• _WHAT IS EXPECTED_
Give the listing again word for word, excluding the pictures it contains.

• _THE INPUT_
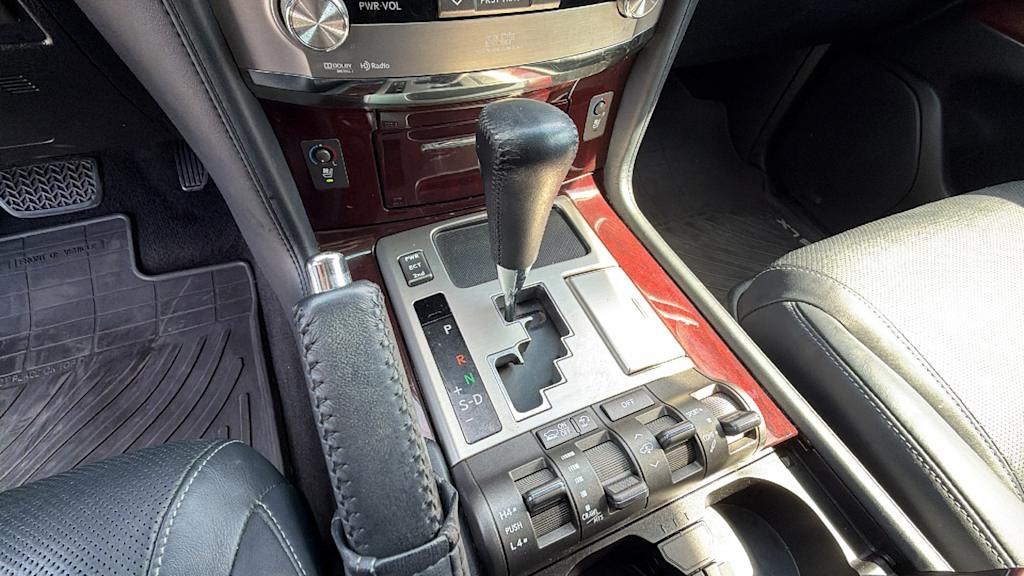 Thumbnail: 2015 Lexus LX - 16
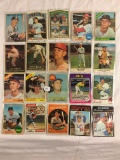 Lot of 20 Pcs Collector Loose Vintage Assorted Players Baseball Cards - See Pictures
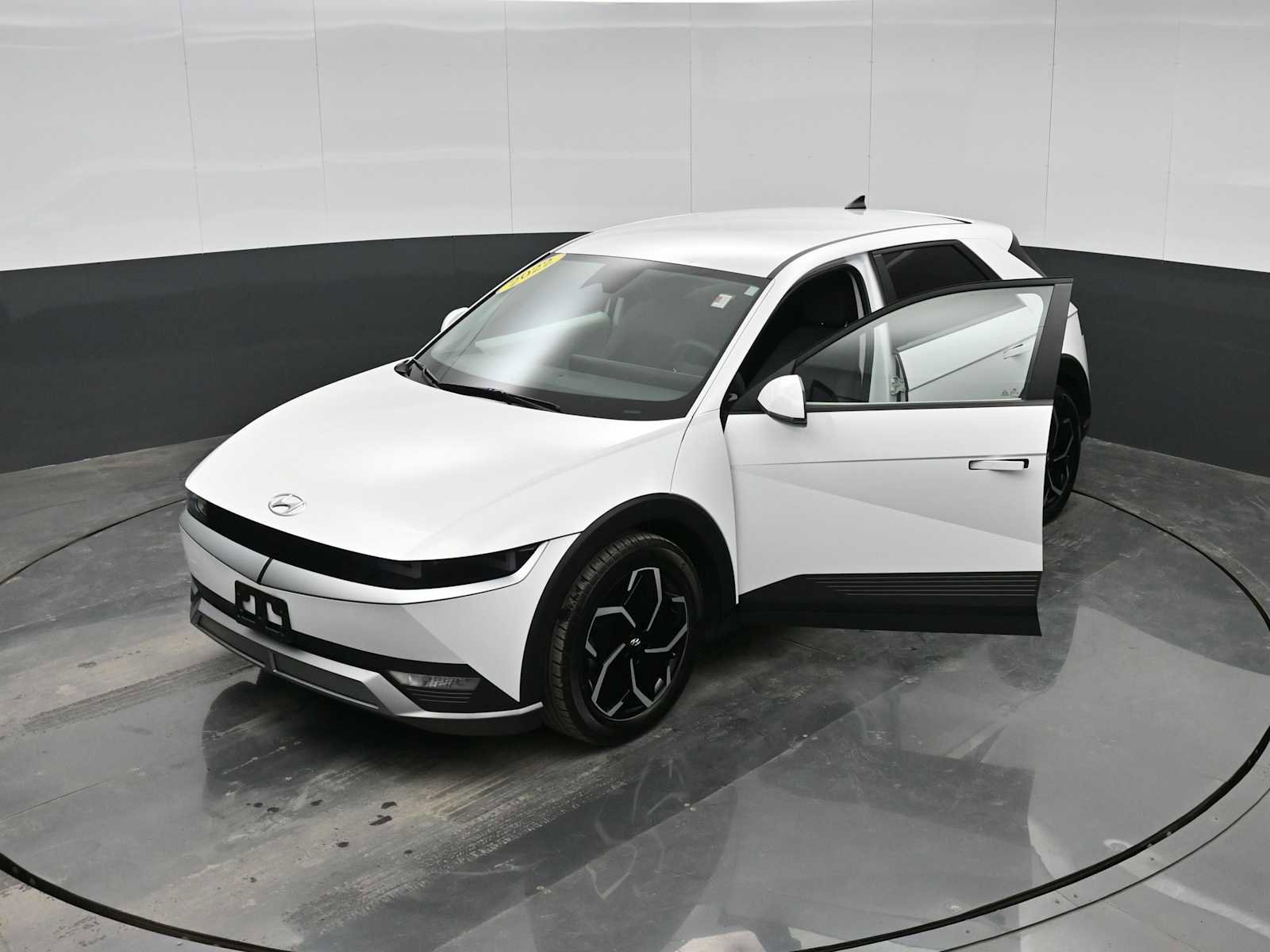 Used 2022 Hyundai Ioniq 5 SE w/ Cargo Package image 24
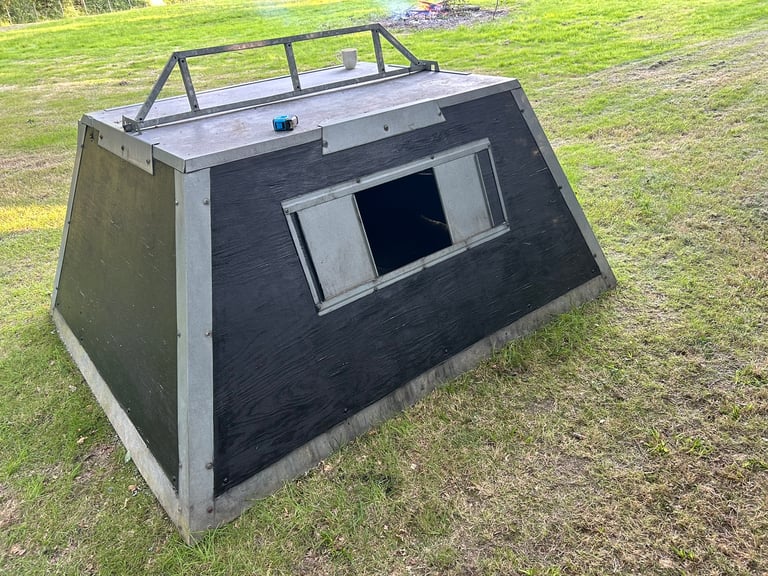 Pig ark hen house dog kennel field shelter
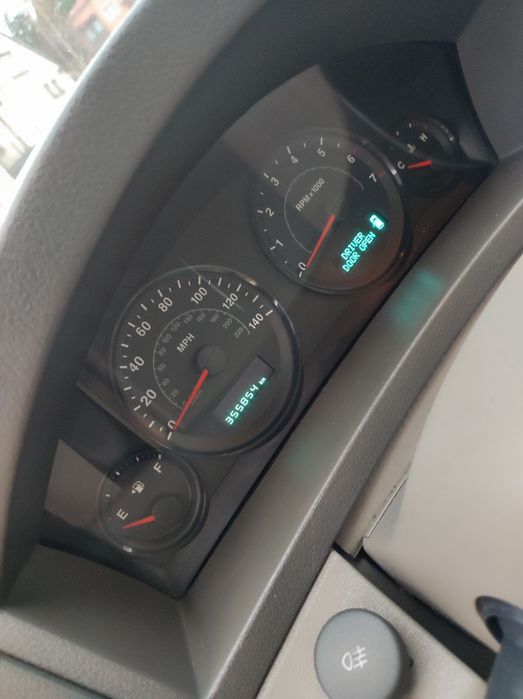 JEEP LAREDO 3.5 benzyna +gaz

• _RESPONSE_
 Thumbnail: 2015 Lexus LX - 16
 Lot of 20 Pcs Collector Loose Vintage Assorted Players Baseball Cards - See Pictures
 Used 2022 Hyundai Ioniq 5 SE w/ Cargo Package image 24
 Pig ark hen house dog kennel field shelter
 JEEP LAREDO 3.5 benzyna +gaz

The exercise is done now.